All students responded positively to use of simulation as a means of providing a more interesting and meaningful learning experience than other methods used in their teaching programme. However, the experience was enhanced or mitigated based on a number of factors. The key factors that enhanced learning related to the nature and variation of problems set. Generally, more challenging and varied problems were preferred, providing they were achievable based on prior learning and within the times frames allowed. More routine problems and time waiting for changes in the simulator state were the main negative aspects of the learning experience for the majority of the students interviewed. In terms of learning students felt that the use of dynamic simulation helped to build understanding of the working and relationship of the various chemical processing systems and their subunits.

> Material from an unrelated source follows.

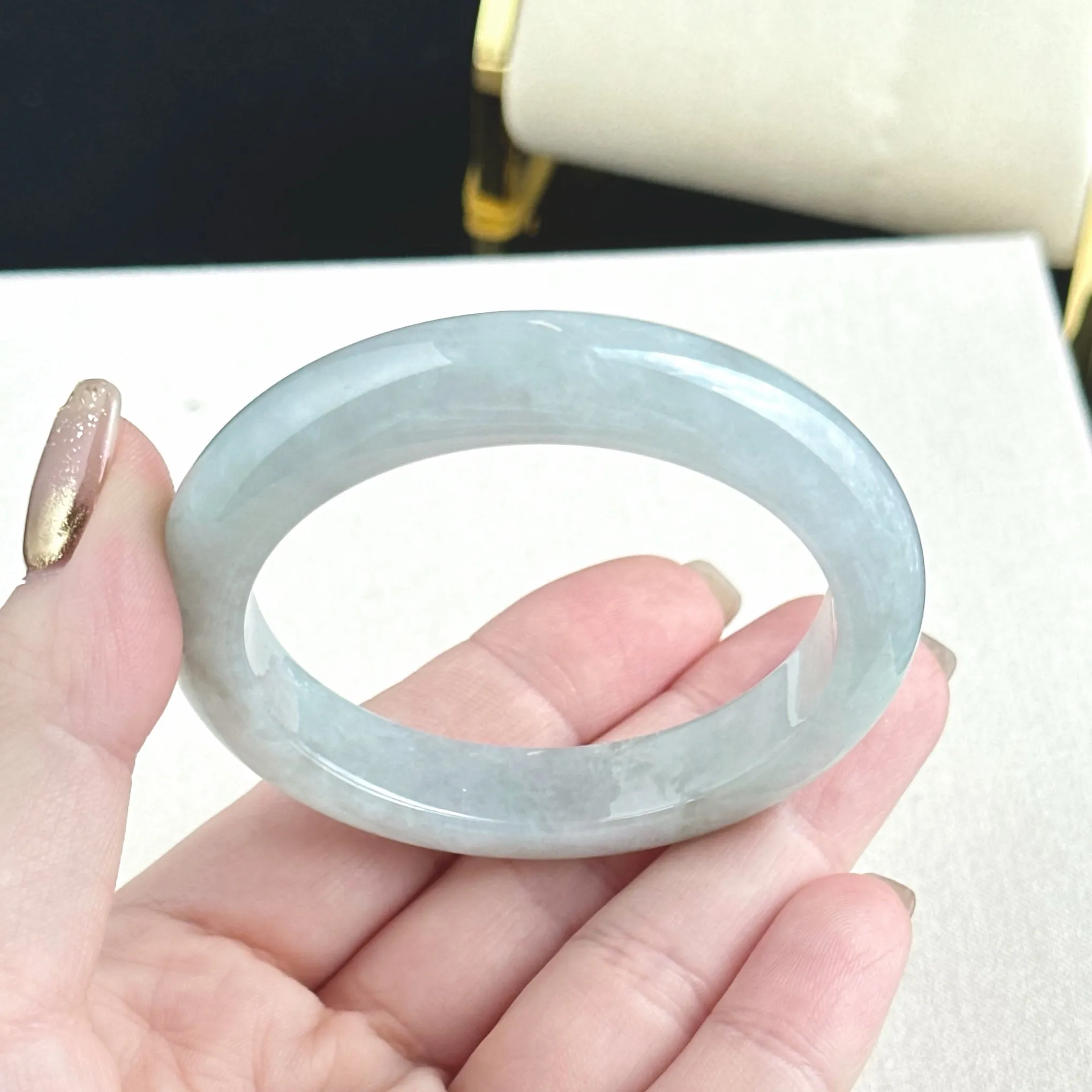 121254 53.6mm Whisper of Clouds Jadeite Bangle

The findings clearly supported a view that simulation can be an effective tool for promoting thinking. This was apparent from the student response and observations by the researcher. However, all the students, though with some variation, were unable to offer a descriptive and/or illustrative model (albeit an implicit one) of what good thinking or critical thinking entailed. Typical responses were as follows:

“Use knowledge to solve problems”

“Thinking out of the box”

“Conscious mind, a good amount of reasoning”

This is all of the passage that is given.